Selon le FIS, un conflit militaire avec l’Otan pourrait être déclenché, par exemple, par la contestation du pouvoir en Biélorussie, pays avec lequel la Russie a connu quelques tensions récemment. Le rapport s’attarde longuement sur cette éventualité.

« Notre évaluation est que, si quelque chose d’imprévu devait arriver personnellement au président Alexandre Loukachenko ou à son régime, il y aurait un grand risque d’une action militaire rapide de la part de la Russie pour empêcher la Biélorussie de devenir une démocratie pro-occidentale », avance le renseignement extérieur estonien.

Et cela d’autant plus, explique le rapport, que « les conflits économiques persistants entre la Russie et la Biélorussie et les tentatives biélorusses de mener une politique étrangère indépendante ont amené les dirigeants russes à s’inquiéter de leur influence [sur Minsk] et à accroître la pression sur les dirigeants du pays. »

En outre, ce dernier estime que les pays baltes constituent actuellement le point faible de l’Otan, même si des mesures de « réassurance », comme le déploiement de bataillons multinationaux sur leur territoire [eFP, enhanced Forward Presence, ndlr], visent justement à dissuader la Russie de tenter quoi que ce soit.

« L’Estonie doit être préparée à une incursion militaire de la Russie », lit-on dans le ce rapport, qui avance par ailleurs qu’en « incitant à la haine entre les groupes ethniques locaux dans les États baltes », Moscou « tente simplement de se donner un prétexte pour une intervention militaire, le cas échéant ».

Justement, et dans l’optique d’une telle issue, le renseignement estonien soupçonne la Russie d’utiliser des navires civils pour espionner les « infrastructures critiques » de l’Otan. Ainsi, il est fait état, dans son rapport, de comportements suspects parmi ces derniers, comme des tentatives de pénétrer dans des zones vouées à des zones de manoeuvres navales ou interdites au trafic maritime [zones d’essais, approches des bases navales, etc…].

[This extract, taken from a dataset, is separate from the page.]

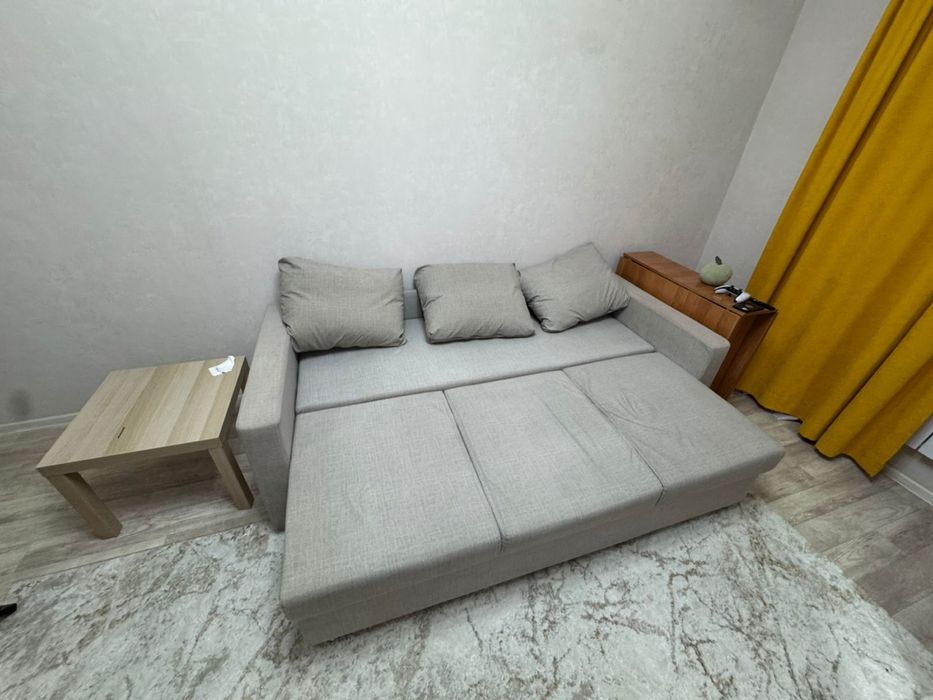 Продается диван 2м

« Les tentatives d’entrer dans les eaux territoriales étrangères sans autorisation, sous le prétexte de devoir s’abriter de la tempête ou de réparations techniques, deviennent de plus en plus fréquentes », constate le FIS. Or, poursuit-il, « ce genre de comportement se démarque clairement des autres navires civils ordinaires. »

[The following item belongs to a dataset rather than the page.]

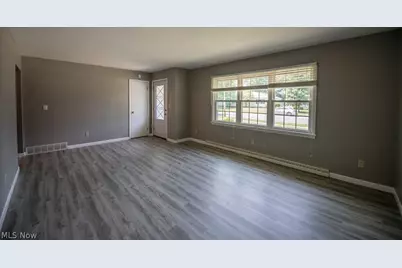 129 S James Street, Dover, OH 44622 - Photo 14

En outre, rappelle le renseignement estonien, tous les bâtiments appartenant à des sociétés et/ou à des agences étatiques russes sont enregistrés comme « navires de réserve », c’est à dire qu’ils sont susceptibles d’être utilisés comme navires de soutien par la marine russe.

Par ailleurs, le FIS affirme également que la Russie utilise des navires civils pour des « opérations d’influence » Ce qui est un « développement nouveau », selon lui.

« Une pratique actuellement en vogue consiste à utiliser les grands voiliers des agences d’État et des établissements d’enseignement russes, pour des voyages en mer, des régates et des festivals dans le monde entier. Une partie de ces voyages comprend des événements politiques pour les communautés russes locales, des reconstitutions de propagande d’épisodes choisis de l’histoire russe et des œuvres missionnaires de l’Église orthodoxe russe », est-il expliqué dans le rapport. Et de préciser : « Les politiciens, les responsables des gouvernements locaux et les hommes d’affaires visitant les navires font l’objet d’une attention particulière. »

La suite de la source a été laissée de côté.